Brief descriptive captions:
▬▬▬▬▬▬▬▬▬▬
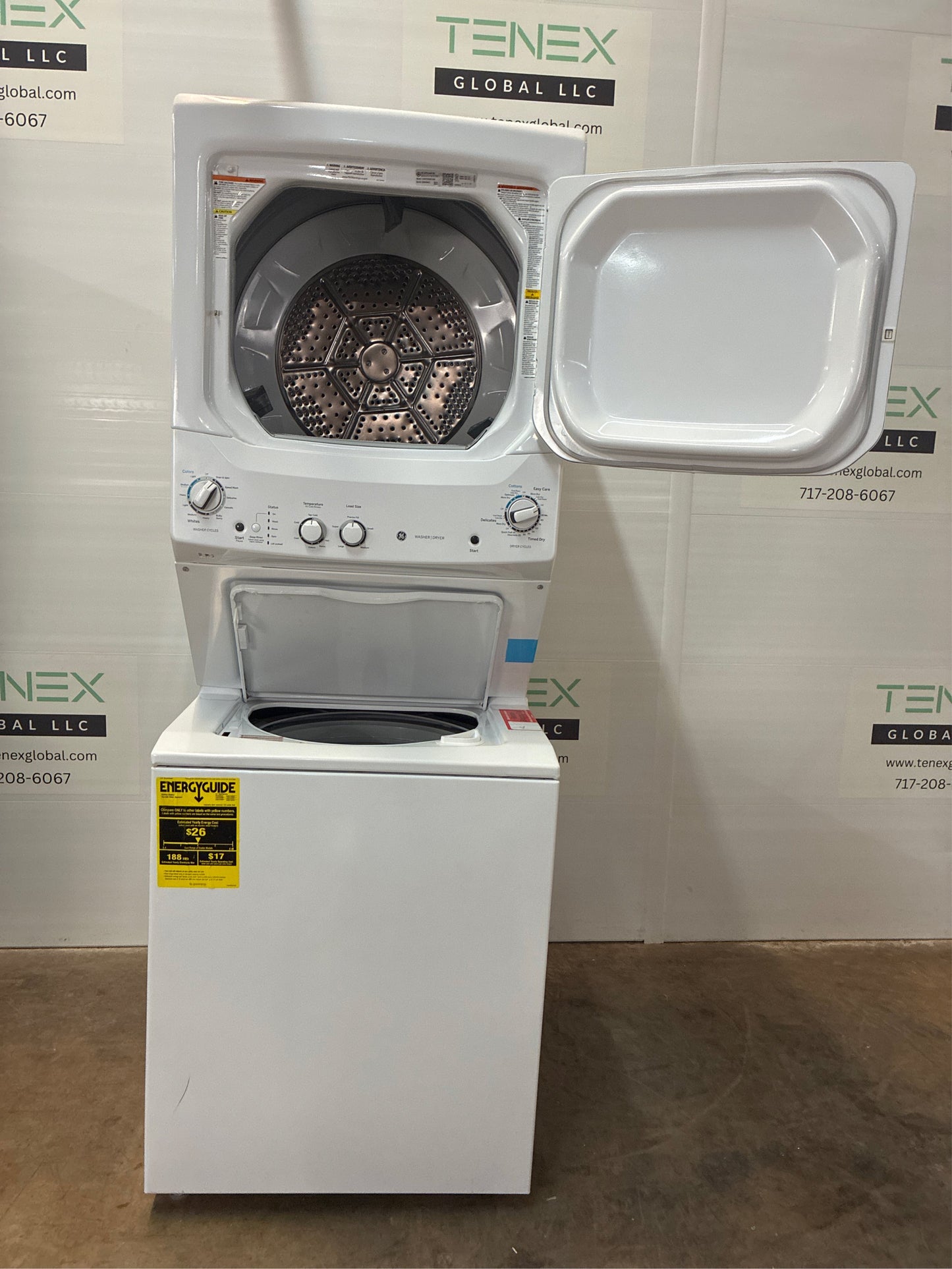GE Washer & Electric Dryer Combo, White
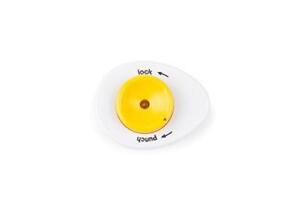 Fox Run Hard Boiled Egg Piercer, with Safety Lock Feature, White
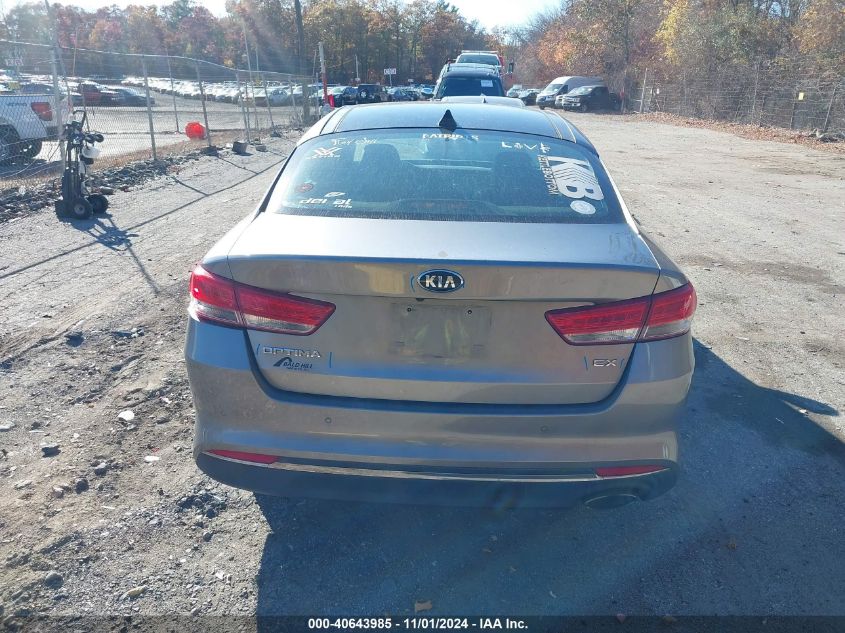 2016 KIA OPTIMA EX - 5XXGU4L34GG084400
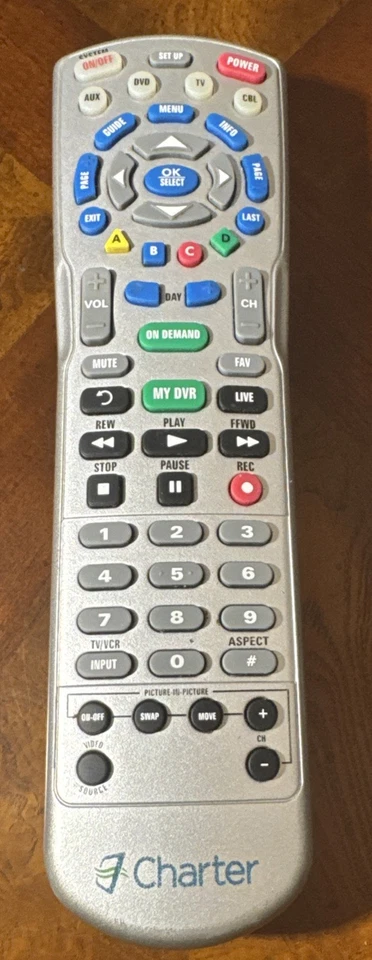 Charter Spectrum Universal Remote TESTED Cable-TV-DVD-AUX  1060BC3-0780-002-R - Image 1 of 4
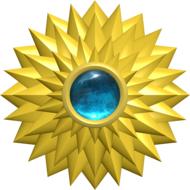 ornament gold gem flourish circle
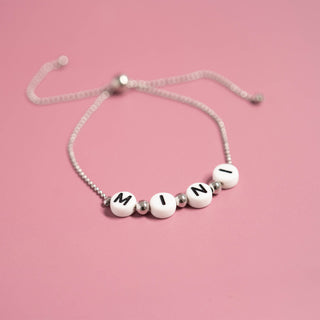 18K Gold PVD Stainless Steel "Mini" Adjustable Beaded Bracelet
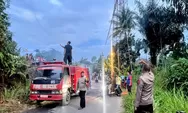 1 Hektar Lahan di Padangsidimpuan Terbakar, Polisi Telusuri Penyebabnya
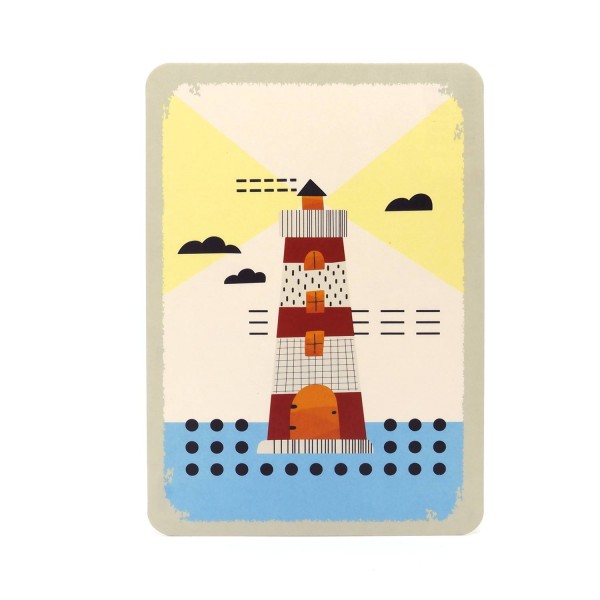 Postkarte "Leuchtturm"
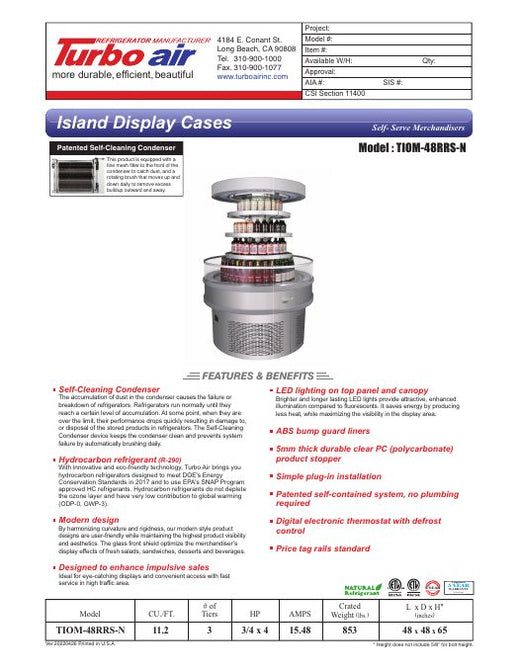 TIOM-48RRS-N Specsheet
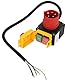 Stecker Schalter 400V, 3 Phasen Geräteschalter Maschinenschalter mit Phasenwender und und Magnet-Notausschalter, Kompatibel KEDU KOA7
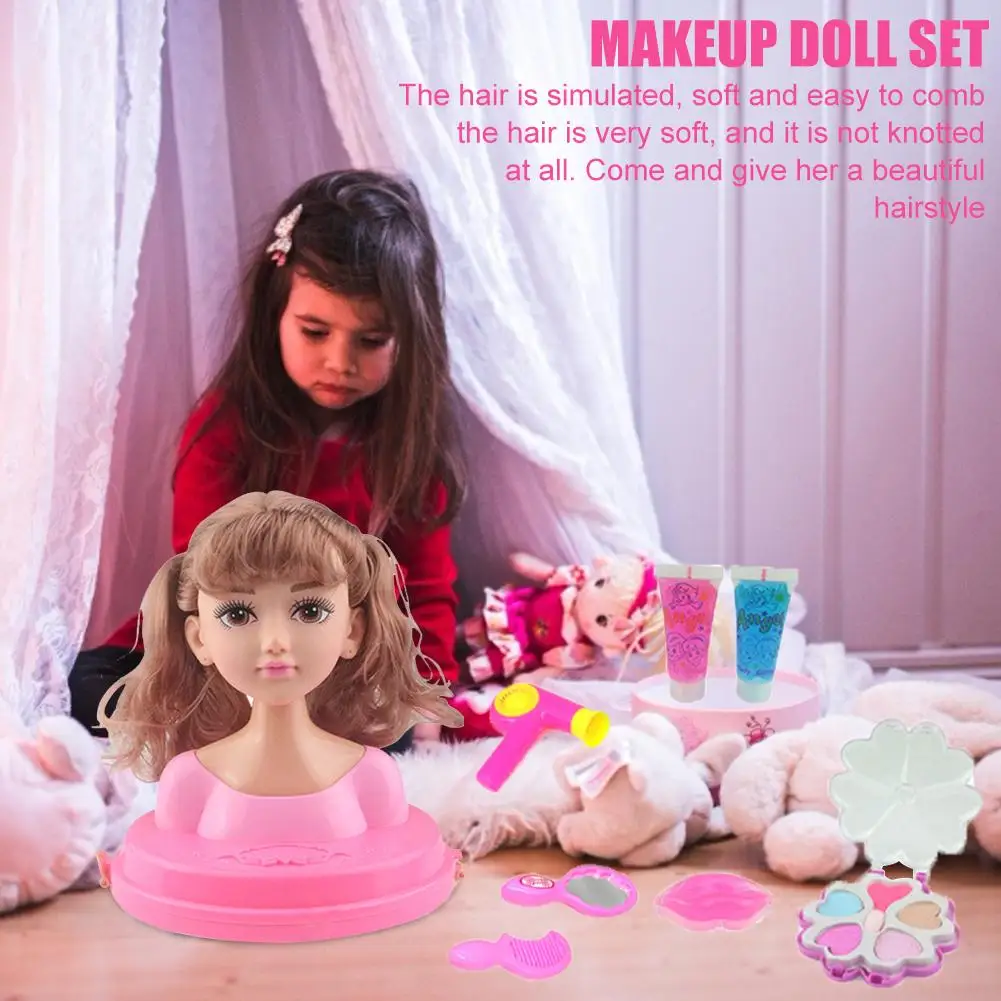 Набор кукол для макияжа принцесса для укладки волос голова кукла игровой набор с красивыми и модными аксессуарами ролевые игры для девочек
▬▬▬▬▬▬▬▬▬▬
The task:
Set the pictures aside and transcribe exactly the stretch of lines above, beginning with the one holding "ornament gold gem flourish circle" and ending with the one holding "Stecker Schalter 400V, 3".

Task output:
 ornament gold gem flourish circle
 18K Gold PVD Stainless Steel "Mini" Adjustable Beaded Bracelet
 1 Hektar Lahan di Padangsidimpuan Terbakar, Polisi Telusuri Penyebabnya
 Postkarte "Leuchtturm"
 TIOM-48RRS-N Specsheet
 Stecker Schalter 400V, 3 Phasen Geräteschalter Maschinenschalter mit Phasenwender und und Magnet-Notausschalter, Kompatibel KEDU KOA7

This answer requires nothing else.